This is based on Brie’s great grandma’s recipe, which has been passed down for generations.
Our recipe adds shredded mozzarella, because when it comes to dairy products, we like to go hard. As far as cheese spread goes, Brie’s great grandma used Kraft Old English Spread. We tested ours with that, as well as garlic and herb cheese spread from Whole Foods. You can go as highbrow or lowbrow as you want; the most important thing is that the cheese is spreadable, because you are about to slice a loaf of bread into a bunch of cubes and spackle it back together using the spread as mortar. Be generous with the spread but not so heavy-handed that it gets sloppy. Be sure the loaf of bread is large—it should be both tall and wide, about 10 inches (25 cm) long and 6 inches (15 cm) wide (so a baguette is too skinny to work)—and not pre-sliced. Much like learning the rules to a new card game, it’s best to dive in and learn this recipe as you go.
Serves 8-10 as a party snack
INGREDIENTS
- One 9-ounce (255 g) container cheese spread, like Kraft Old English Spread or garlic and herb
- 8 ounces (227 g) shredded low-moisture mozzarella (about 2 cups)
- 2 sticks (16 tablespoons) unsalted butter, softened
- 2 garlic cloves, minced
- ½ teaspoon garlic salt
- 1 large loaf unsliced white bread
- Poppy seeds (optional)
METHOD
- Preheat the oven to 350°F (180°C). Line a baking sheet with foil.
- Use a spatula to stir together the cheese spread, mozzarella, butter, garlic, and garlic salt in a medium bowl until smooth.

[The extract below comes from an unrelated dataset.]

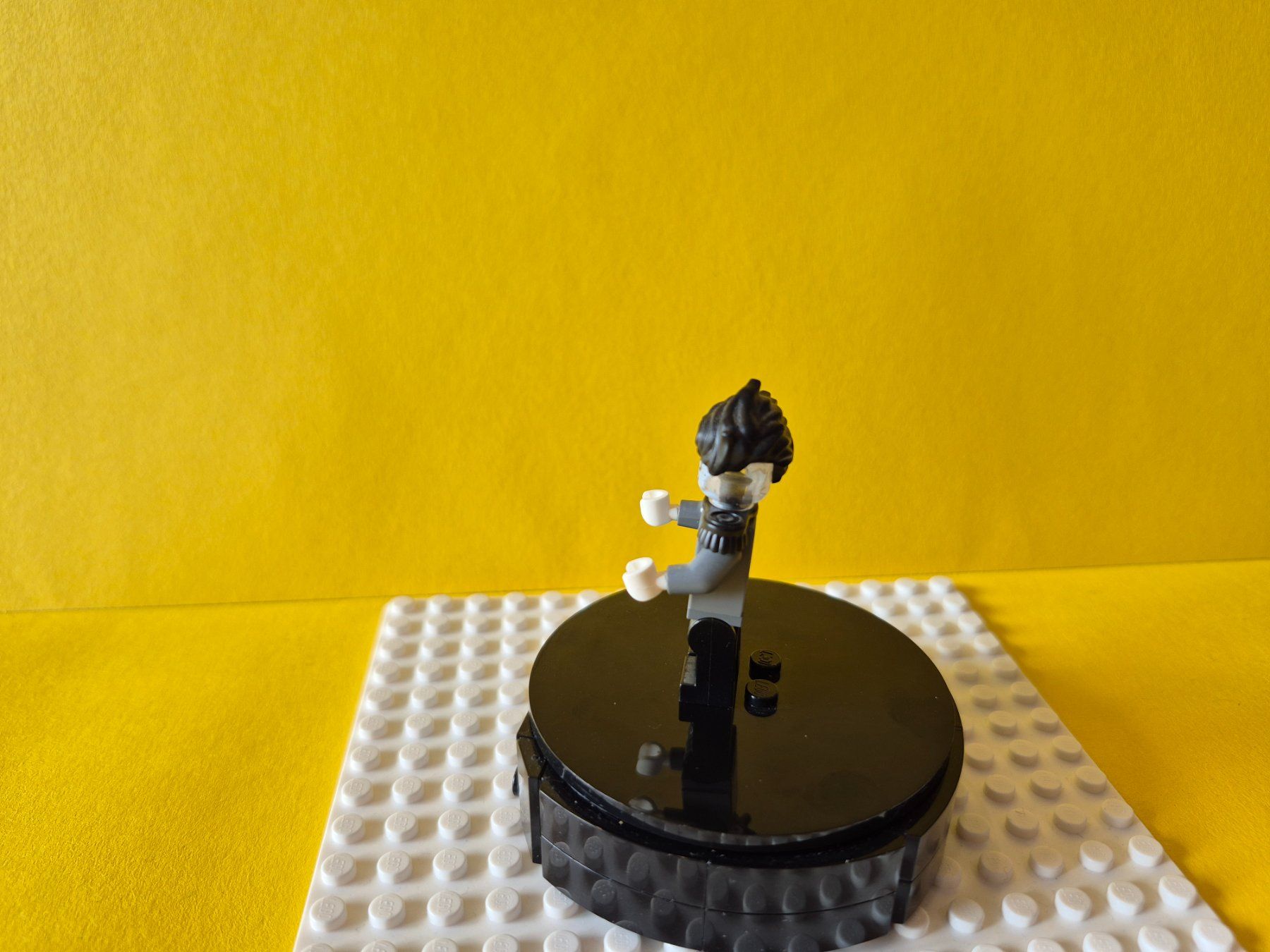 Lego Spielzeuge: Lego Kaptain Salazar aus Set 71042 – Gebraucht aus Uttigen von Orbrick 3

- Use a serrated knife to cut the crust off the bread—top, sides, bottom, the whole shebang. Place the bread on the baking sheet so the longest side is facing you.
- Now we slice and spackle. From the side that is facing you, cut the bread lengthwise into three equal layers, essentially turning the loaf into three “sheets” of bread with a top, middle, and bottom layer. Starting with the bottom layer, spread about a ⅛-inch-thick (3 mm) layer of the cheese mixture onto the upward-facing side of the bread and then add the middle layer on top. Spread the cheese mixture onto the top of the middle layer and then add the top layer on top.
- From the top down, slice the bread lengthwise into thirds. This will leave you with three long strips of bread in three layers, for a total of nine strips. Spread the cheese in between the strips. It doesn’t matter where you start—just keep spackling as you go. You are a bread mason now!
- Next, slice crosswise from the top down. Start by slicing the loaf in half, right down the middle. Then spackle it back together. Slice the left side in half and spackle that back together. Slice each of those halves in half and spackle. Repeat this on the right side for a grand total of seven crosswise cuts (one in the middle and three on each side).
- Spackle the remaining cheese mixture over the tops and sides of the bread to seal it all in and sprinkle the top with poppy seeds (if using).
- Bake the loaf for 15 to 20 minutes, until golden brown and melty. Serve hot.
Note: Don’t attempt to slice all the bread at first. It’s easiest to slice and spackle as you go because the cheese spread acts as glue and keeps the loaf from falling apart as you continue to dice it up.
TIP: PREP AHEAD - This bread can be made up to 4 days in advance, wrapped tightly in plastic wrap, and stored in the fridge, or it can be frozen for up to 1 month. Bake from frozen, covered in foil until warm throughout. Remove the foil, for the final few minutes of baking, until the edges are nice and crispy.